- Portrait of Sachs, by Madame Yevonde

Lord Justice of Appeal
- In office 1966–1973

Justice of the High Court
- In office 1954–1966

Personal details
- Born: Eric Leopold Otho Sachs 23 July 1898 London, UK
- Died: 1 September 1979 (aged 81) Wadhurst, East Sussex, UK
- Spouse: Janet Margaret Goddard (married 1934)
- Children: 2
- Education: Charterhouse School, Godalming, Surrey
- Alma mater: Christ Church, Oxford
- Occupation: Barrister, judge

= Eric Sachs =

British barrister and judge

Sir Eric Leopold Otho Sachs, (23 July 1898 – 1 September 1979) was a British barrister and judge. He was a High Court judge from 1954 to 1966 and then a Lord Justice of Appeal until 1973.

== Biography ==
Sachs was born in London. His father was an architect, and his grandfather had emigrated from Germany to England. Sachs was educated at Charterhouse School and served as a gunnery officer in the Royal Artillery in the First World War, from 1917 to 1919, receiving wounds to his left hand. After being demobilised, he read law at Christ Church, Oxford, graduating after five terms in 1920.

He was called to the bar at the Middle Temple in 1921, and was a pupil barrister under Wilfrid Lewis. He practised on the Oxford circuit and in London, and became a King's Counsel in 1938. He was also appointed Recorder of Dudley in 1938.

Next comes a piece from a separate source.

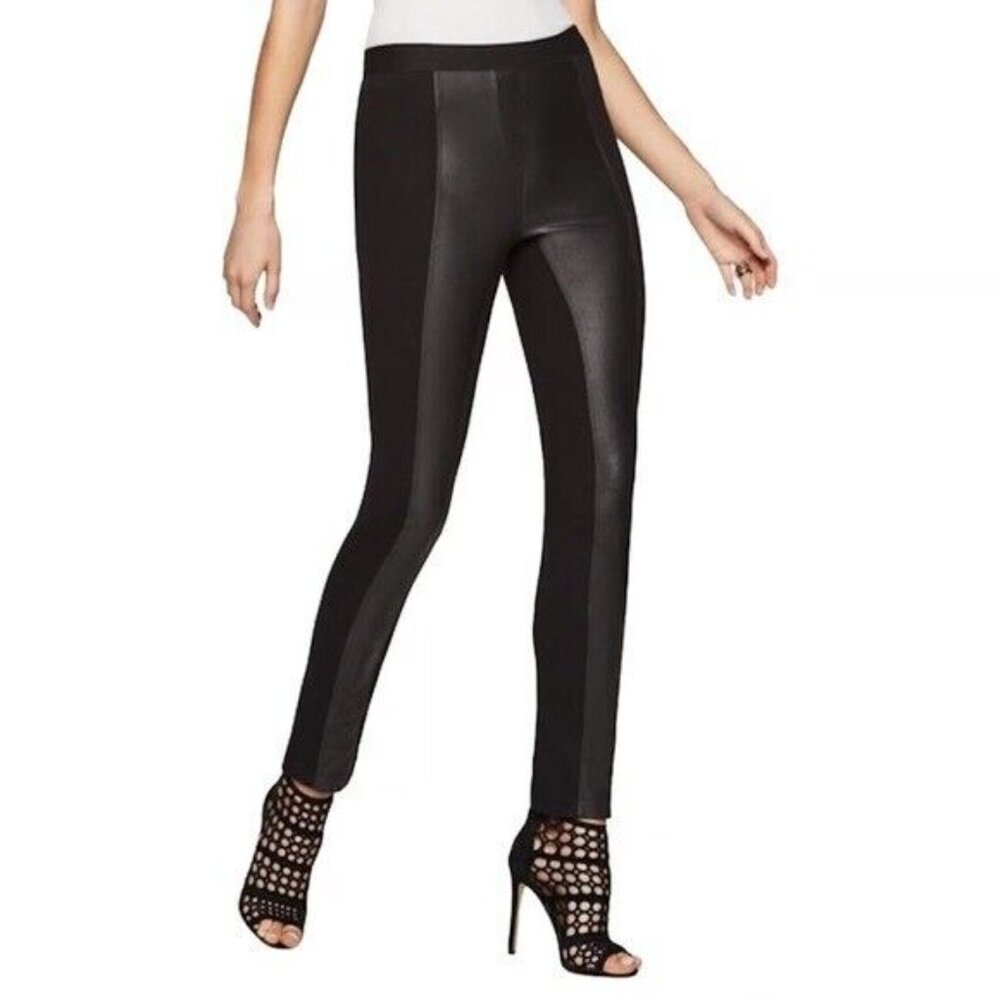 BCBGMaxazria Black Leather Blend Moto Croft Ponte Pant | Medium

He served in the staff of the adjutant-general in the War Office in the Second World War, starting as a second lieutenant but rapidly promoted to brigadier. He was appointed MBE in 1941 for his war work. He transferred to political warfare - part of intelligence - in 1942 and was seconded to the Foreign Office to produce handbooks on the administration of the territories to be liberated by the Allies.

Demobilised again in 1945, he returned to legal practice as a barrister. He led a team of barristers who collaborated with Sydney Littlewood and other solicitors from the Law Society in formulating the legal aid scheme created under the Legal Aid and Advice Act 1949. He became a bencher at Middle Temple in 1947 and served as Treasurer in 1967, reforming the inn's governance and finances. He was Gresham Professor of Law from 1946 to 1950.

In addition to his legal practice, he continued with part-time judicial office, serving as a Commissioner of Assize and investigating allegations of corruption in the Gold Coast in 1946. He was Recorder of Stoke-on-Trent from 1943 to 1954, and leader of the Oxford circuit in 1953 and 1954. He was appointed to the High Court bench in 1954 and received the customary knighthood, joining the Probate, Divorce and Admiralty Division. He was transferred to the Queen's Bench Division in 1960, and was promoted to the Court of Appeal in 1966, also joining the Privy Council. Amongst other cases, he heard and dismissed the appeal of the students convicted after the Garden House riot in 1970. He became increasingly deaf in his later years and retired in 1973, but continued to sit as a judge occasionally.

Among his later cases were Evans Marshall and Co Ltd v Bertola SA and British Crane Hire Corporation Ltd v Ipswich Plant Hire Ltd, both ruled in 1973, and Lloyds Bank Ltd v Bundy in 1974. In Evans Marshall he recast the issue of determining whether damages would offer an adequate remedy in commercial cases, where the court refused to grant an injunction, into an alternative format:
"The standard question in relation to the grant of an injunction, Are damages an adequate remedy?" might perhaps, in the light of the authorities of recent years, be re-written as, "Is it just, in all the circumstances, that a plaintiff should be confined to his remedy in damages?".

In 1934, Sachs married Janet Margaret Goddard (d.2005), daughter of Rayner Goddard, later Baron Goddard, who was Lord Chief Justice of England from 1946 to 1958. He retired to East Sussex, and died at home in Wadhurst after an operation. He was survived by his wife, and their son and daughter.